##### Input data

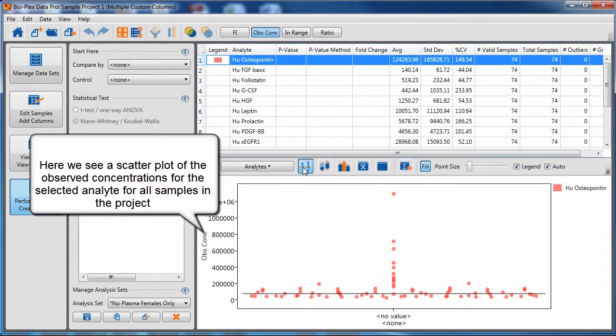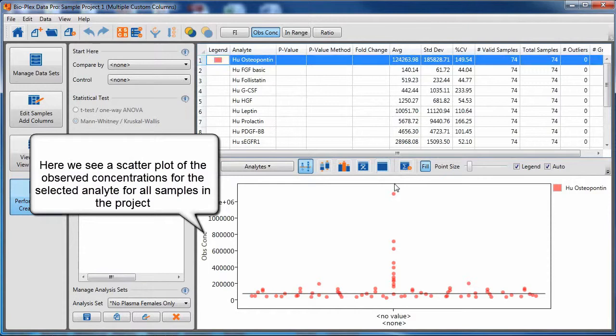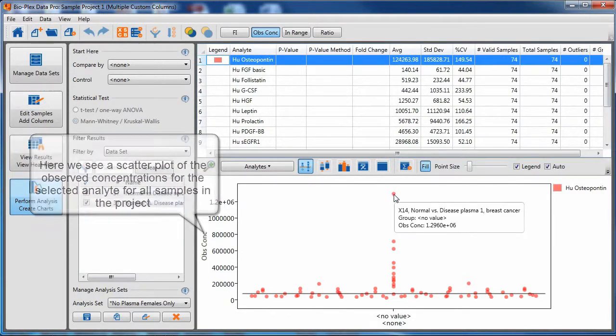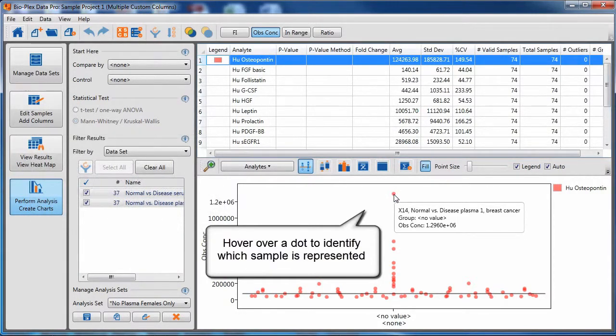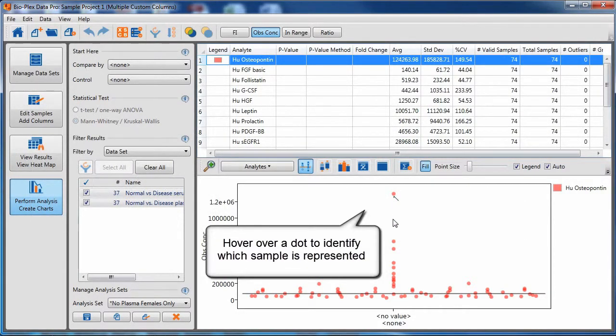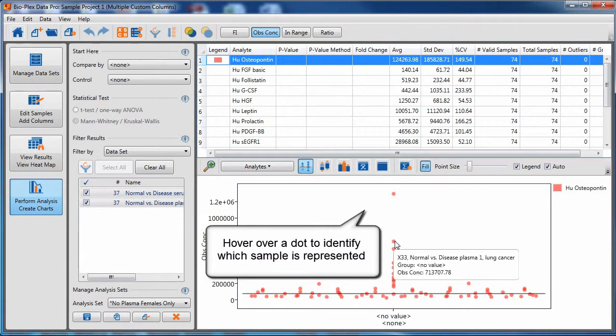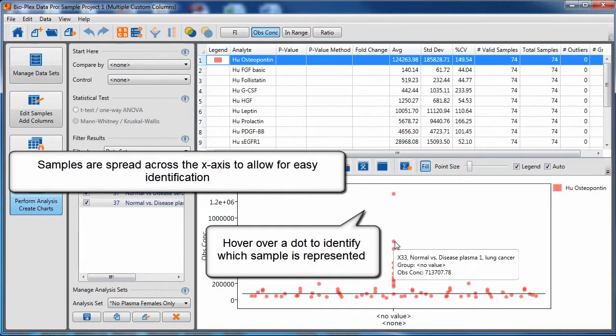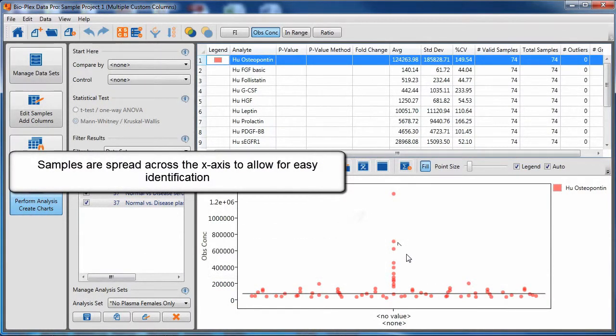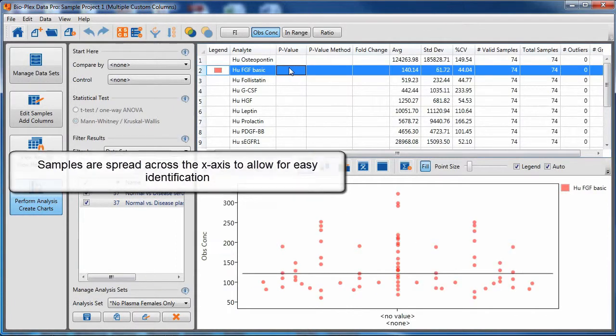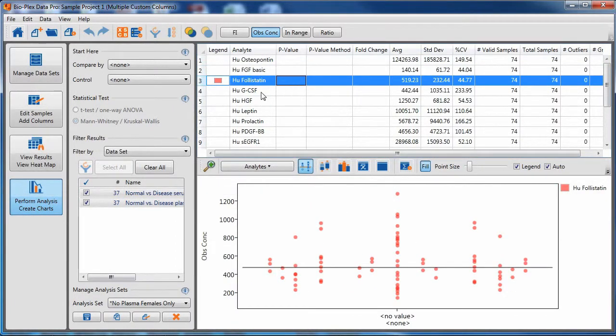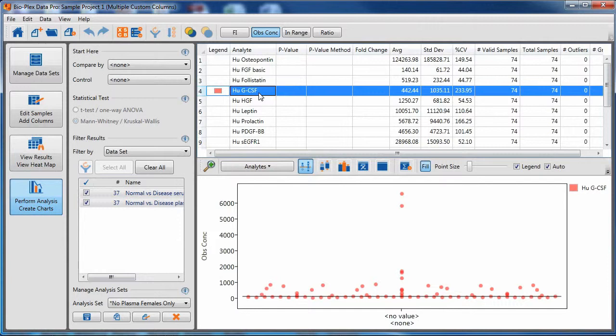Here we see a scatter plot which represents all the samples in the project. You can hover over a dot to identify what sample that represents. The x-axis of this graph has no scale. The samples are spread across the x-axis in order to more easily identify individual samples.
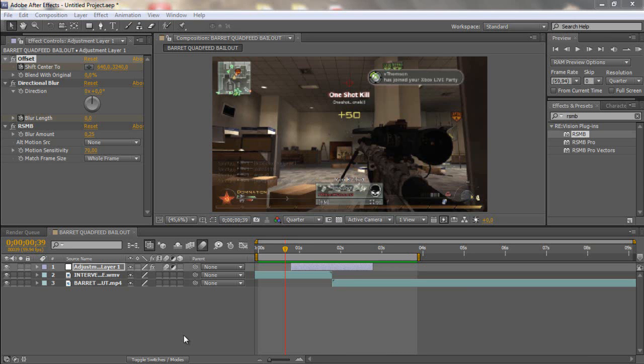Hello guys, CreateTutorials here and in this video I'm gonna be showing you an offset transition.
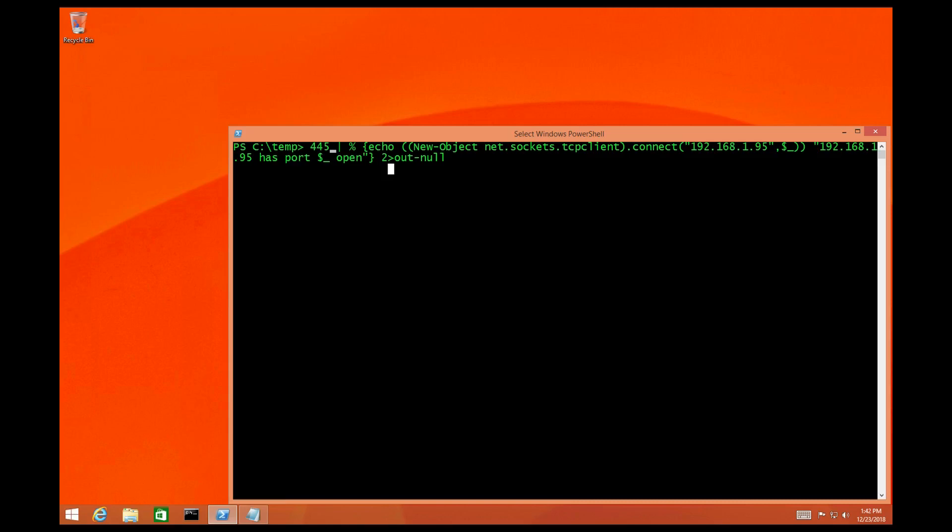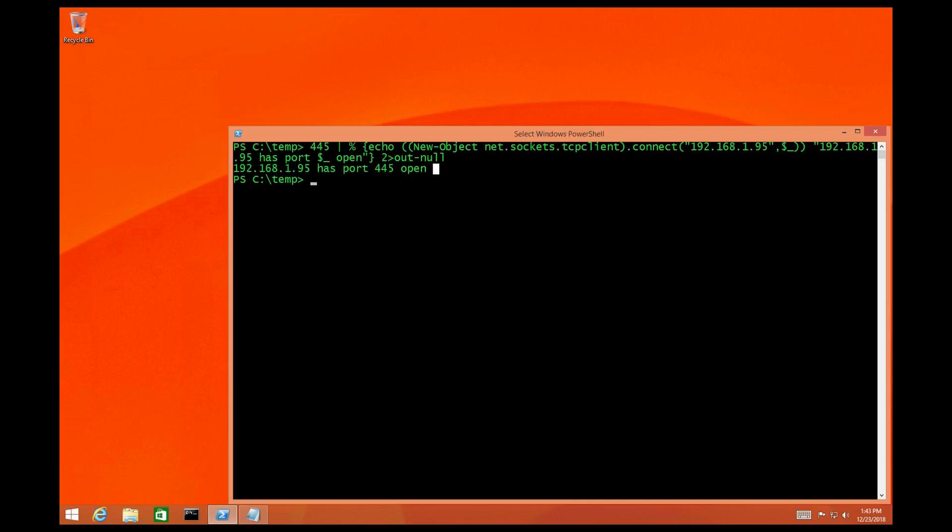Alright so the second option we can use is literally putting the IP address inside the one-line script instead of creating a secondary variable to identify that. So I just passed it one port so you could get the functionality of it. But as you can see it's pretty straightforward.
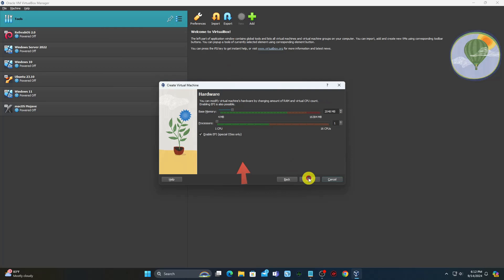Select the memory capacity for your virtual machine. I would definitely recommend at least eight gigabytes, but if you are not able to do that, make it as high as possible. Then, from the processor settings, use the highest number of processors that you can.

##########

### Assignment
Without the images, write out each line of the data verbatim.

### Written answer
Here we see a scatter plot which represents all the samples in the project. You can hover over a dot to identify what sample that represents. The x-axis of this graph has no scale. The samples are spread across the x-axis in order to more easily identify individual samples.
Hello guys, CreateTutorials here and in this video I'm gonna be showing you an offset transition.
Alright so the second option we can use is literally putting the IP address inside the one-line script instead of creating a secondary variable to identify that. So I just passed it one port so you could get the functionality of it. But as you can see it's pretty straightforward.
Select the memory capacity for your virtual machine. I would definitely recommend at least eight gigabytes, but if you are not able to do that, make it as high as possible. Then, from the processor settings, use the highest number of processors that you can.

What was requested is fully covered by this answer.